El asesinato de Isabel Ayala tiene una carga simbólica y política única: profundiza la vorágine represiva contra el movimiento social; y encarna la impunidad del capítulo de la guerra sucia en México, el rechazo del gobierno federal para acatar las sentencias de la Corte Interamericana de Derechos Humanos (CIDH) en materia de desapariciones forzadas de los años setenta, el freno al avance de la creación de una Comisión de la Verdad en Guerrero, y el repliegue de guerrillas herederas de esa memoria histórica.
Si bien al momento que se escriben estas líneas no hay claridad en los móviles de la ejecución, es imposible obviar la coyuntura política y social del país. Estos días la Suprema Corte de Justicia de la Nación debate si aplica la sentencia de la CIDH en el caso de Rosendo Radilla, desaparecido en 1974 en un retén militar. La Corte ordenó al gobierno mexicano reformar la ley y restringir el fuero militar. Simultáneamente, activistas de izquierda impulsan la instauración de la que sería la Comisión de la verdad de la guerra sucia en Guerrero, la primera en su tipo en la historia de la nación.
Se dice que el asesinato de Isabel puede tener vínculos con el perpetrado contra su hermano meses atrás, y del que no han trascendido sus particularidades. También se dice que el caso Radilla la puso en la mira, porque era una de las contadas sobrevivientes de la guerra sucia que testificaría que ella y otros civiles fueron torturados y recluidos ilegalmente en el Campo Militar Número 1.

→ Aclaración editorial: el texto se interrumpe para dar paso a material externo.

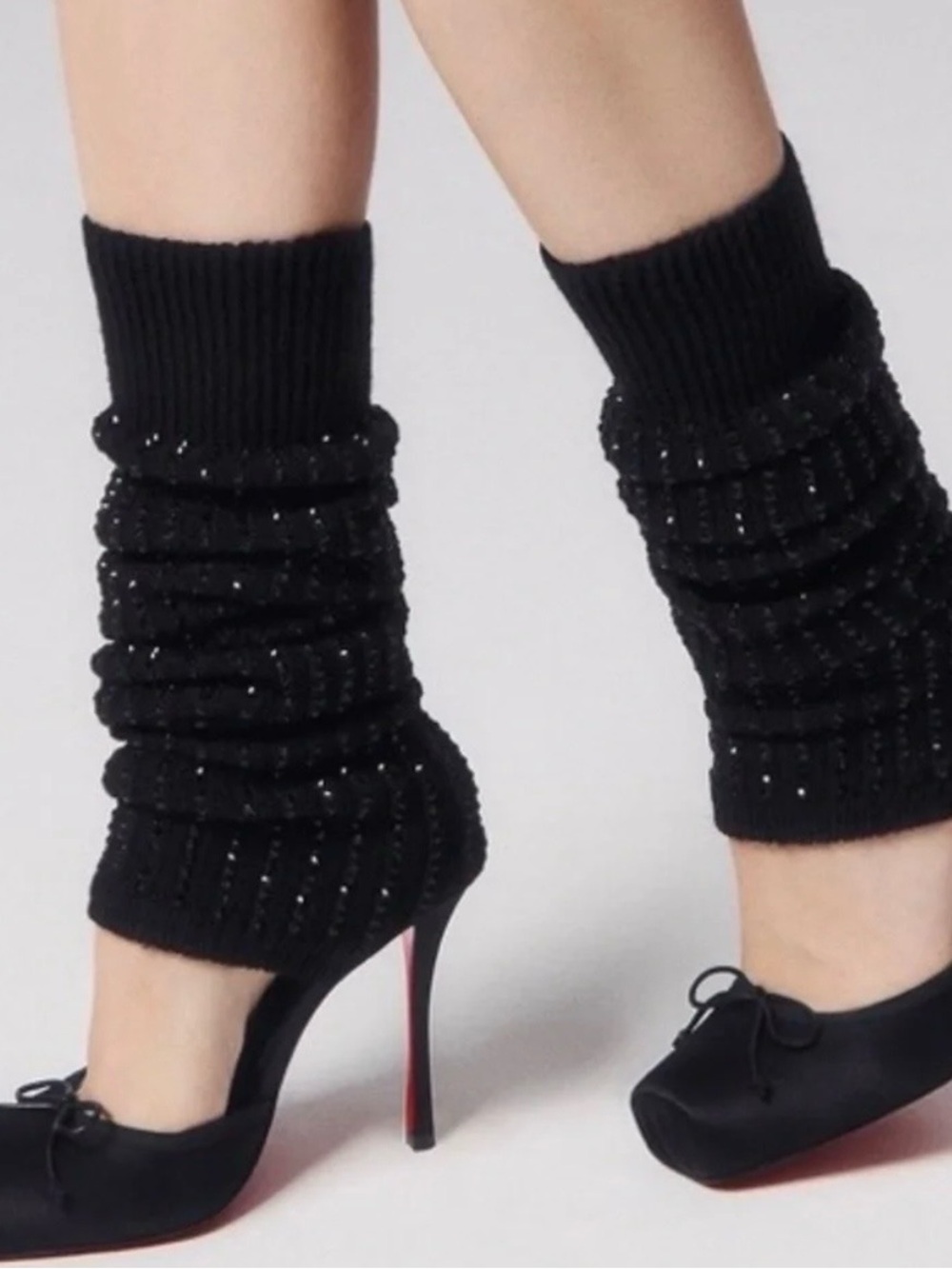 Christian Louboutin Black Sparkle Knit Leg Warmers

La vida de la mujer de piel blanca y ojos verdes quedó marcada por la de Lucio Cabañas: él la hizo su pareja cuando ella sólo tenía 13 años, juntos vivieron cuatro meses en campamentos guerrilleros de la sierra y así quedó embarazada de su hija Micaela. Ese vínculo provocó que Isabel, la madre y otros familiares del guerrillero, fueran secuestrados por dos años en el Campo Militar Número 1. También que tras ser liberada, la violara el entonces gobernador Rubén Figueroa.

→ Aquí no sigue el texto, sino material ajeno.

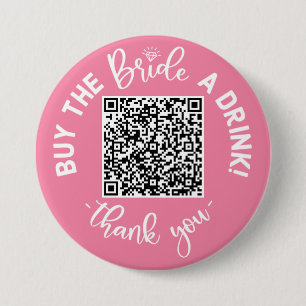 Koop de Button Bride A Drink QR Code Roze Bachelor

La hizo su trofeo de guerra. Ella escribió por su cuenta otros capítulos en su vida que poco se conocen: fue pareja de un teniente coronel con quien procreó una niña, y con otra pareja dio luz a dos hijos.

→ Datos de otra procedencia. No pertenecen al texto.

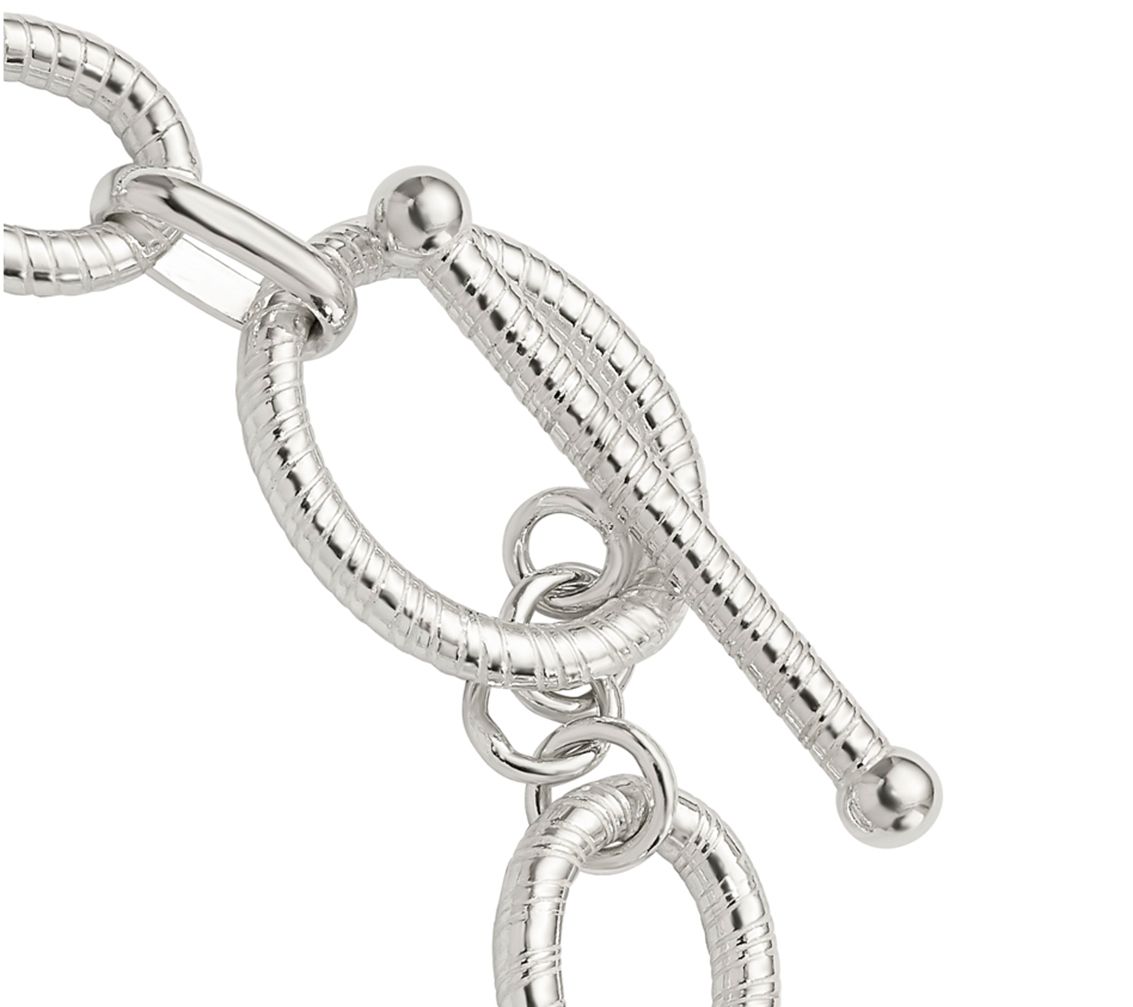 Sterling Silver Textured Oval Link Bracelet, 13.1g - QVC.com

Sin duda, el asesinato de Isabel somete al símbolo de Lucio a una nueva muerte. Como se sabe, Lucio es la figura más emblemática de la guerrilla mexicana y nexo entre diversas generaciones de grupos rebeldes del país. Lucio es una memoria viva y activa del Guerrero Bronco, no un simple recuerdo. Recoge el desafío de una inconformidad multiforme cuyas expresiones son legales, pacíficas y armadas. Pero esta segunda muerte, de hecho, le imprime una fuerza aún mayor a su imagen.
Si se considera que la nueva etapa de lucha armada guerrerense nació al calor de hechos de sangre como Aguas Blancas y El Charco, los escenarios que se perfilan por el asesinato de Isabel no son fáciles de descifrar. En ninguno de ellos, sin embargo, se considera la omisión de una respuesta política, aunque no necesariamente militar. Será interesante conocer los posicionamientos de dichas organizaciones, porque desde su clandestinidad pueden trascender la simple denuncia.
Más allá de la relación que Isabel Ayala estableció con el guerrillero, su asesinato debe ser esclarecido. En ese sentido la historia de Guerrero es reveladora: la impunidad hace posible que se imponga el miedo en la sociedad, pone en alerta a las comunidades, y es el elemento fundamental que genera la violencia popular. Así ha sucedido en los últimos cincuenta años. Y aún no se aprende de esa historia.